Porém, assim como no caso Zambelli (AP 2428, 2025), no caso Ramagem houve reiteração, pela 1ª Turma, da referida tese. No caso da deputada, o presidente da Câmara, Hugo Motta (Republicanos-PB), em alteração de seu entendimento anterior, afirmou que, independentemente da decisão, será o plenário da Câmara quem decidirá sobre a perda do mandato.
No caso Ramagem, a eventual perda do mandato encerrará a sustação parcial da Ação Penal, habilitando a 1ª Turma ao julgamento dos crimes supostamente praticados pelo réu após a diplomação. Contudo, no panorama constitucional, a discussão é maior: os Poderes dirão quem tem o poder constitucional de determinar a perda do mandato de um parlamentar condenado criminalmente em sentença transitada em julgado.
[1] NAKAMURA, Erick Kiyoshi. Artigo 53 em ação e debate: susta-se, pela primeira vez, processo penal contra parlamentar federal. JOTA, 19 maio 2025. Disponível em: https://www.jota.info/opiniao-e-analise/artigos/artigo-53-em-acao-e-debate. Acesso em: 12 set. 2025.

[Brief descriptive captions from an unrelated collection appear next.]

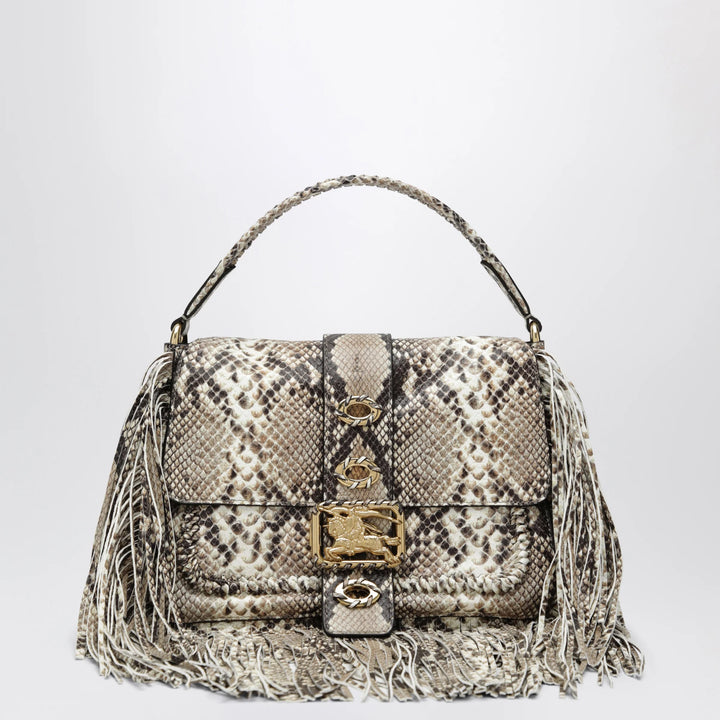Burberry - Small Rider shoulder bag in printed leather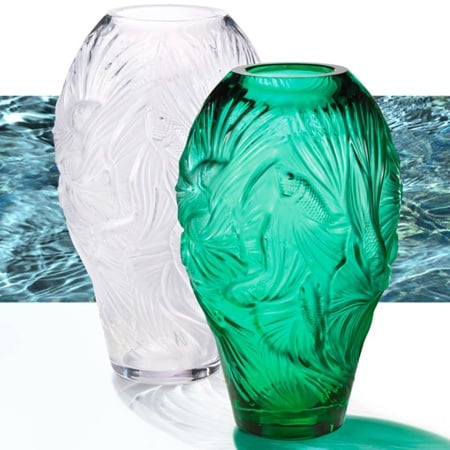Lalique-Aquatique-Vases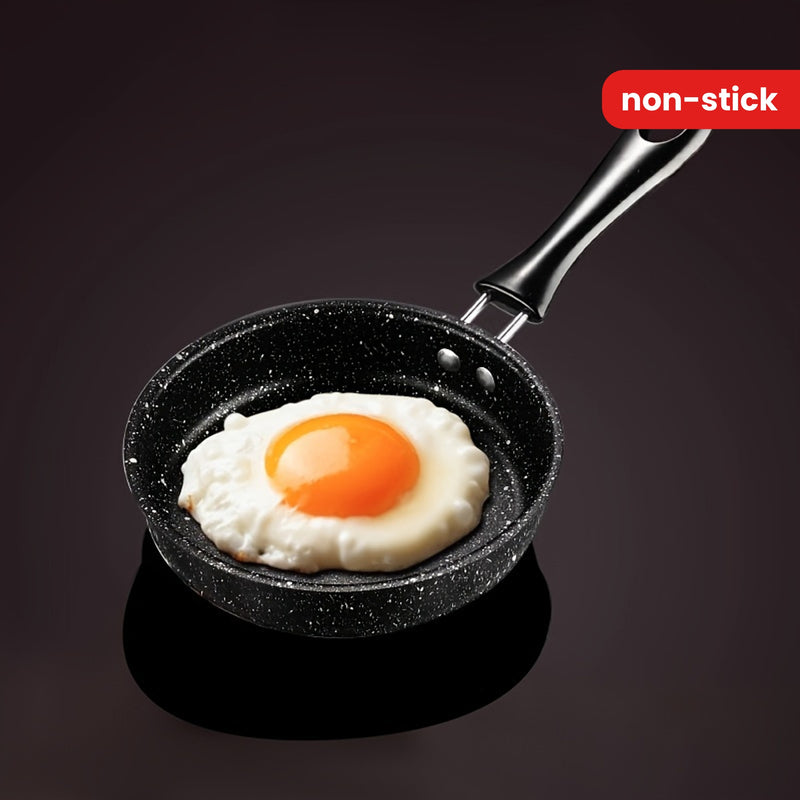 Sartén Compacta Antiadherente para Huevos - Versátil para Inducción y Gas, Ideal para Desayuno, Almuerzo, Cena y Cocina al Aire Libre
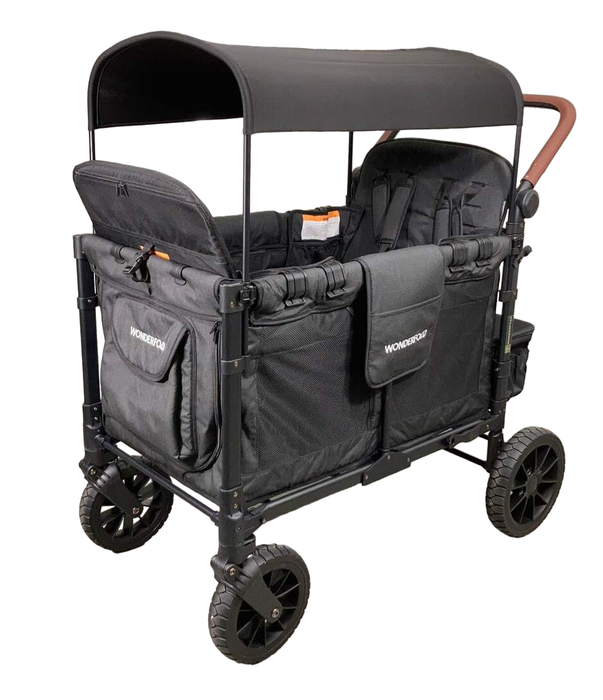 used Wonderfold W4 Luxe Quad Stroller Wagon, 2023, Volcanic Black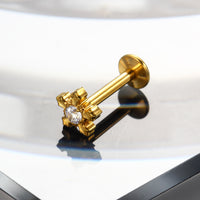 Piercing Labret Feminino Titânio G23 com Design Artístico e Moderno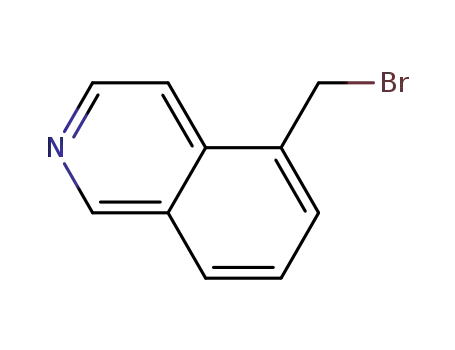 Molecular Structure of 158654-74-1 (Isoquinoline, 5-(bromomethyl)- (9CI))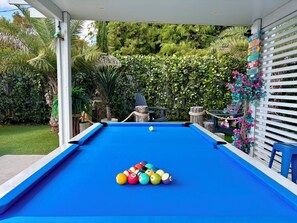 Terrace/patio - Modern exquisite & luxurious vacation rental pool heater close to the beach 9 m (Hollywood)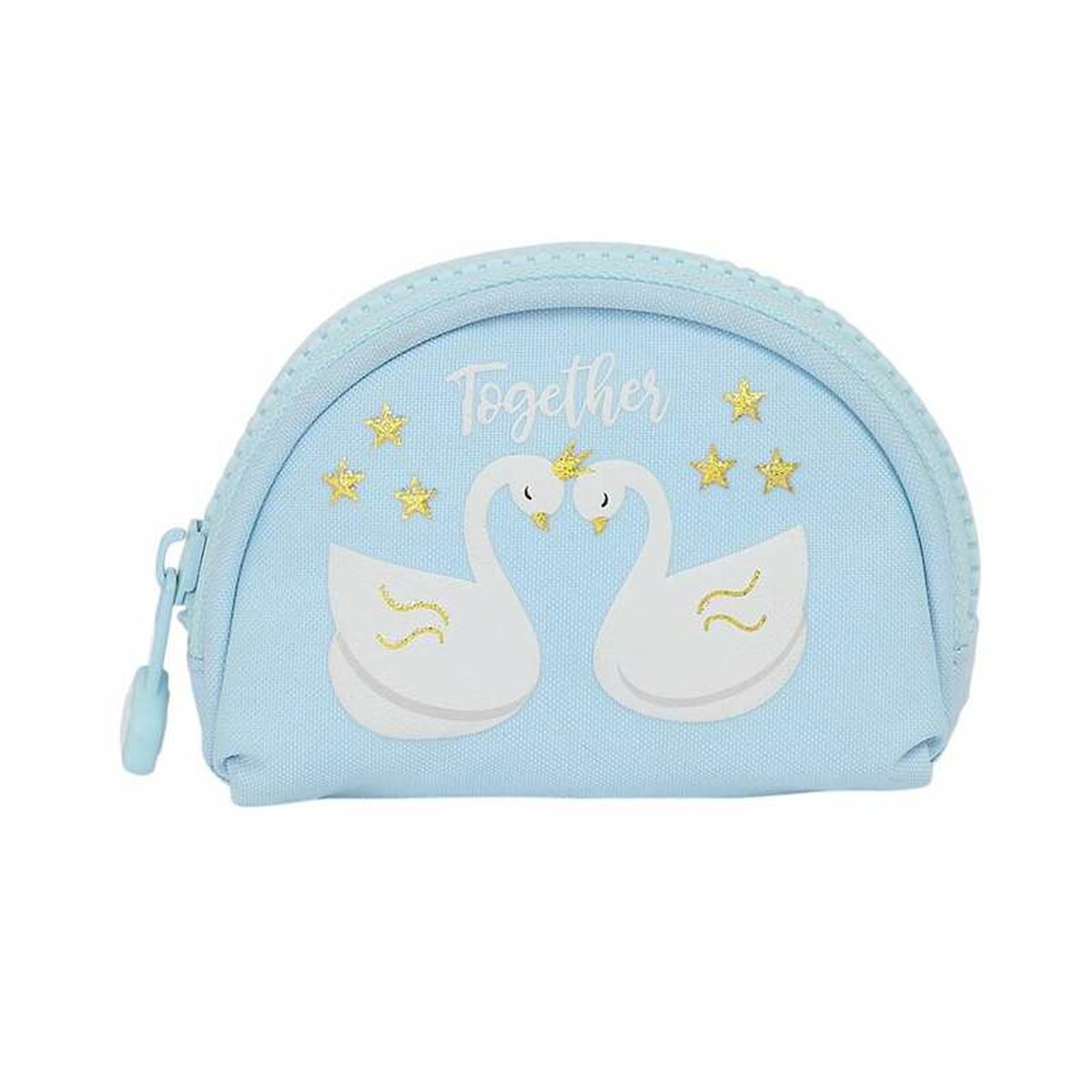 Porta-moedas Glowlab Kids Cisnes Azul 9,5 x 7 x 3 cm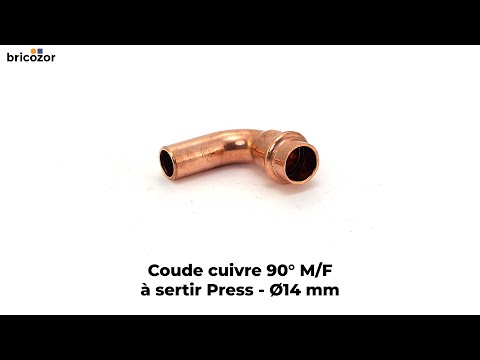 Coude cuivre 90° M/F à sertir - différents diamètres - Press CONEX BANNINGER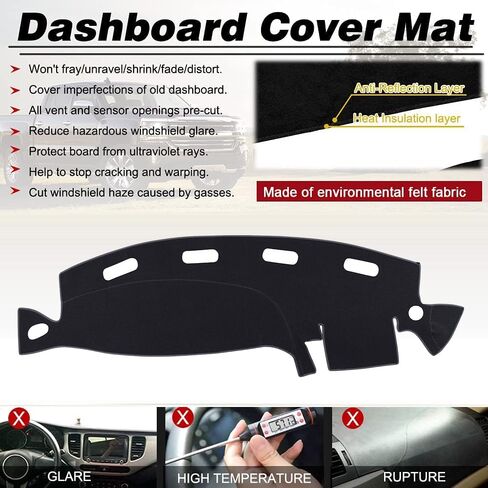 Dashboard Cover Dash Cover Mat Pad Custom Fit for Dodge Ram 1500 2500 3500 1998 1999 2000 2001 (98-01DarkGray) in Saudi Arabia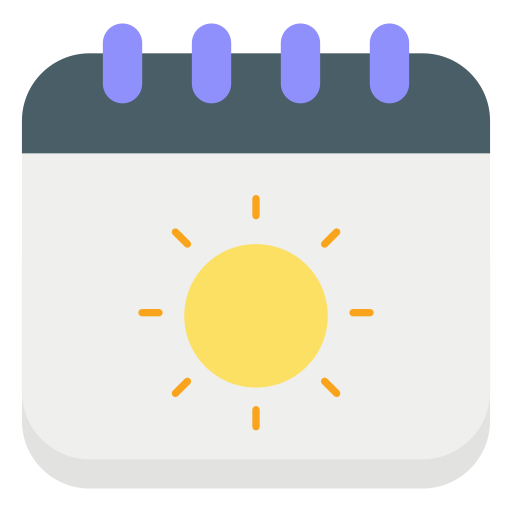 calendario de verano icono gratis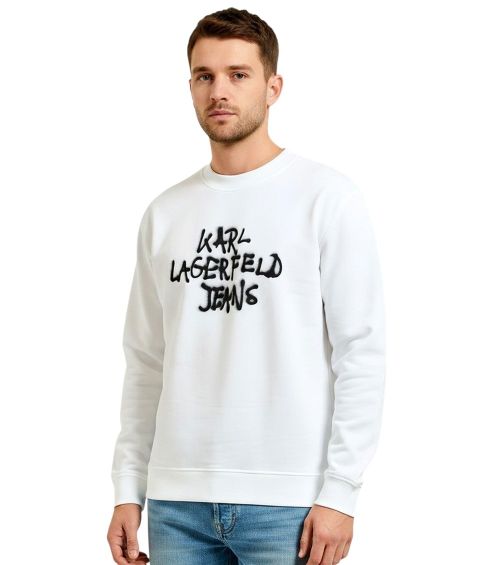 White Crew Neck Sweatshirt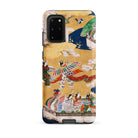 Kocho Chapter Tale of Genji Heian Period Samsung Case, Galaxy S20 Plus / Matte, Smartphone Case Vibrant Traditional Japanese Art Print Gold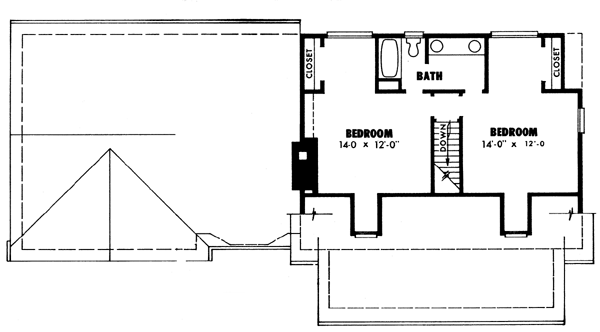 Country Floor Plan - Upper Floor Plan #10-233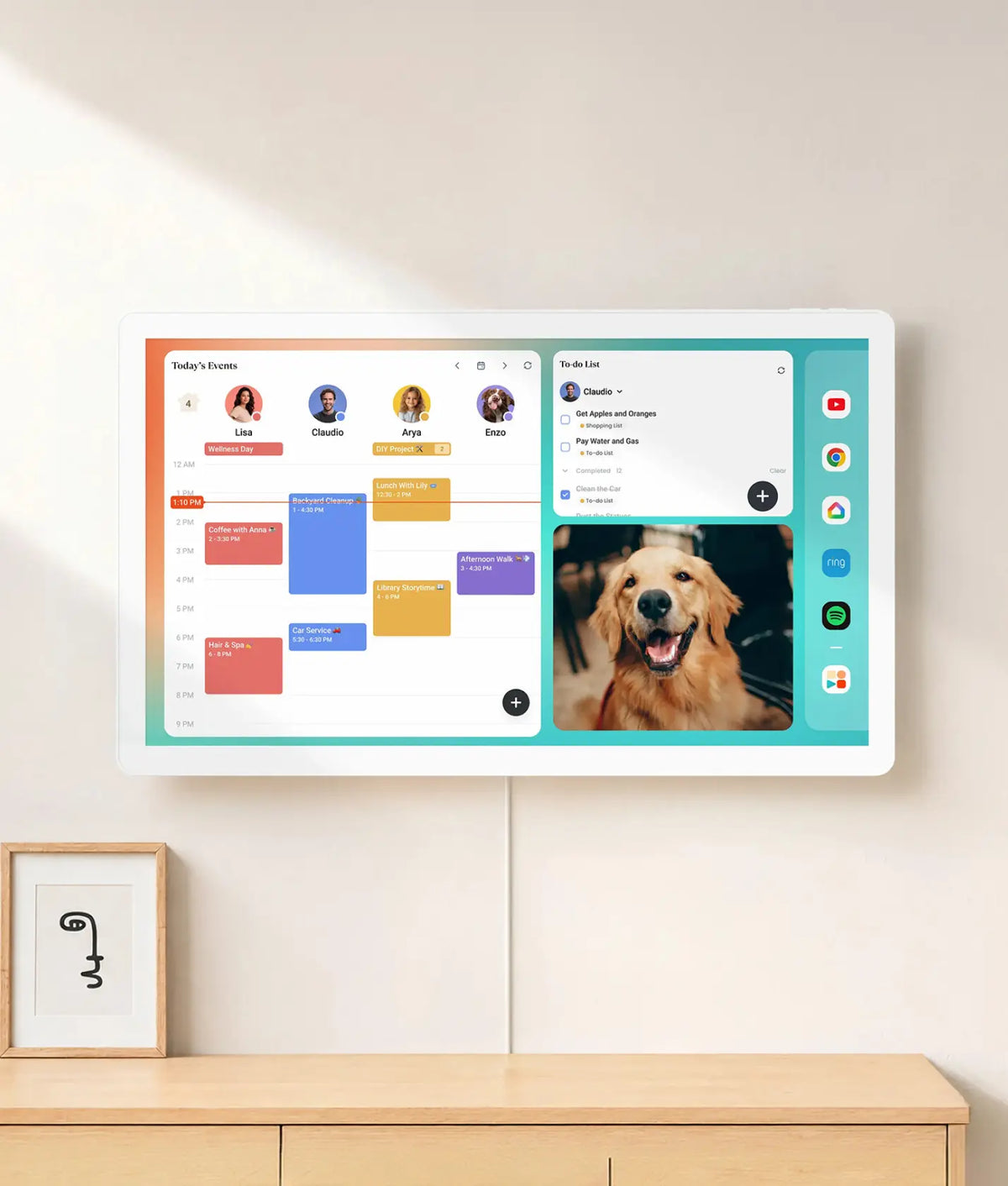 24-inch Cozyla Calendar Plus 2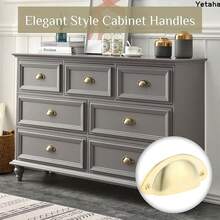 1-3-5-10-20 Stücke/Set Vintage Schubladengriffe, geeignet für verschiedene Möbel wie Schränke, Schubladen, Kleiderschränke. Mehrfarbige Optionen, um verschiedene Raumstile wie Küche, Schlafzimmer, Badezimmer zu kombinieren, um alte Möbel aufzufrischen. Wunderschöne Kupfer Schranktürgriffe mit Schrauben enthalten - Verschiedenfarbig - Übersicht 7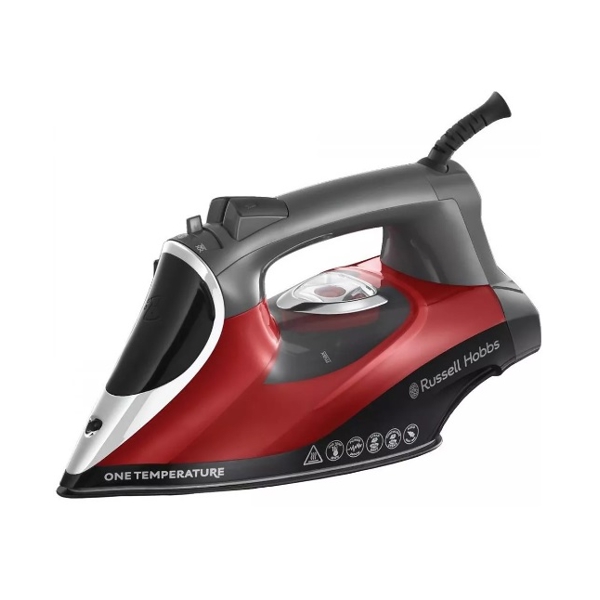 ორთქლის უთო Russell Hobbs 25090-56/RH, 2600W, 350ML, Steam Iron, Black/Red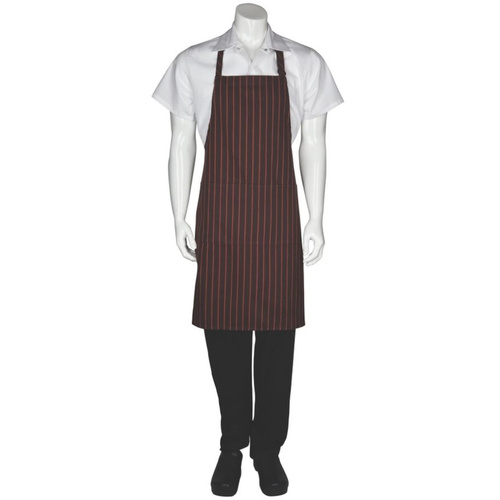 WORKWEAR, SAFETY & CORPORATE CLOTHING SPECIALISTS Brown/Orange Striped Bib Apron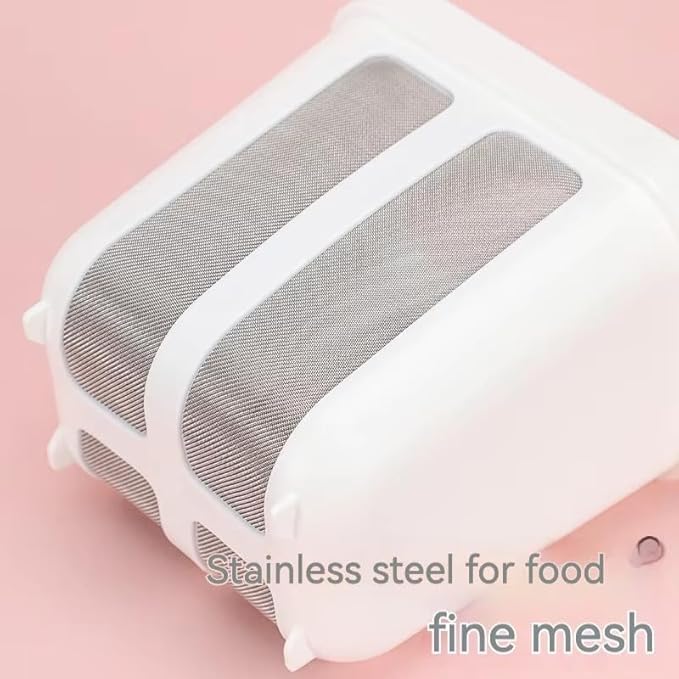 Krishope Krishope 1100ml Yogurt Maker Strainer Multipurpose Yogurt Filter with Fine Mesh Bag Lid Reusable Greek Yogurt Pouch Filter Kitchen Whey Separator Tool for Yogurt Juice Tea Nut Milk Cheese - Image 4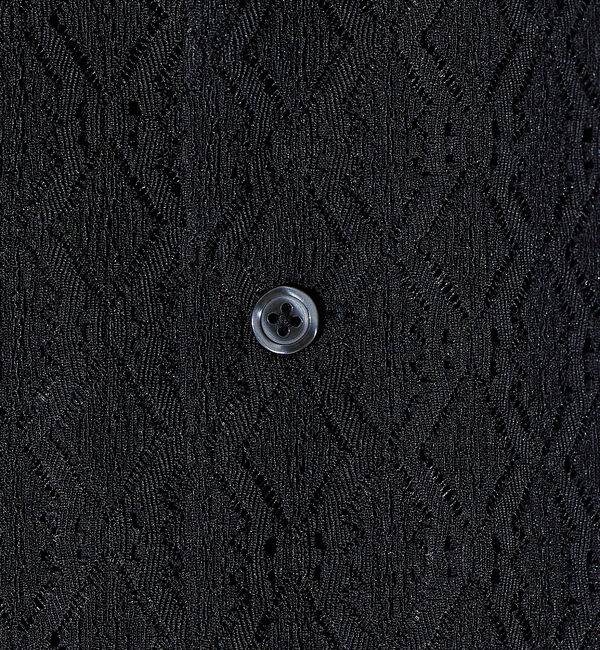 ABAHOUSE「【ジオメトリック柄】 ストレッチ シアーシャツ/レースシャツ」|シャツ・ブラウス|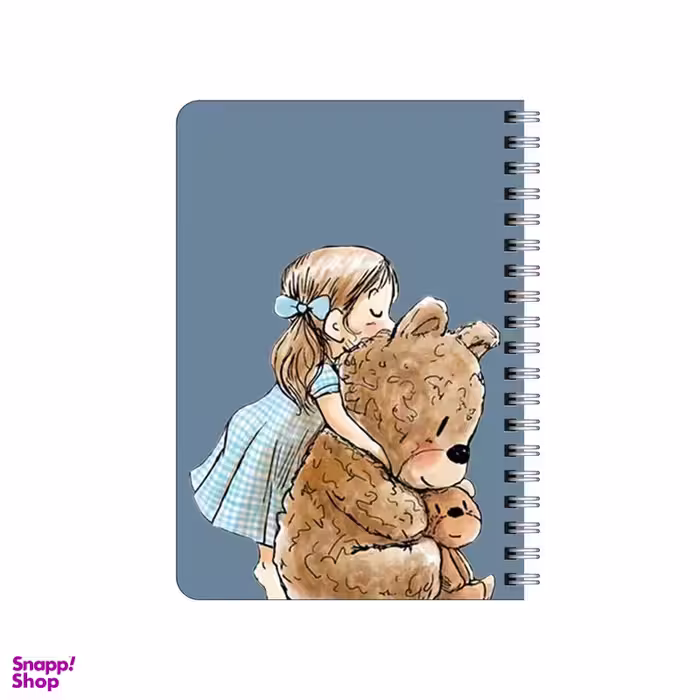 دفترچه یادداشت 80 برگ بامبیلیپ مدل چوبی طرح دختر مهربون و خرس کد 6929248
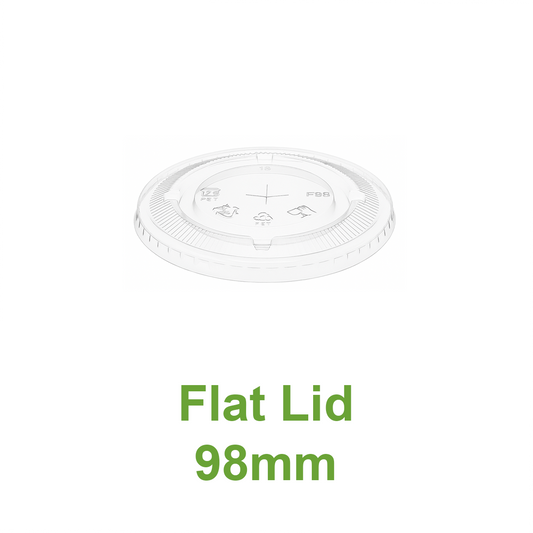 98mm flat PET lid for cold drink cups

[2] O Mandado de Segurança havia sido impetrado contra o ato do Presidente da Câmara dos Deputados que submeteu ao Plenário da Casa a deliberação sobre a perda ou não do mandato de Natan Donadon. O Plenário manteve o mandato de Donadon, razão pela qual “[…] a decisão, na prática, não gera nenhum efeito para o caso concreto, pois anula decisão que não afasta o mandatário sem determinar a perda de mandato” (SALGADO, Eneida Desiree; MOURA, Suellen Patrícia; NAKAMURA, Erick Kiyoshi. Caso Natan Donadon, Ação Penal n. 396. In: SOBREIRA, Renan Guedes; BASTOS, Carlos Enrique Arrais Caputo. (Coord.). Direito Parlamentar em Decisões do Supremo Tribunal Federal. 1. ed. Curitiba: Íthala, 2022, v. 1, p. 38).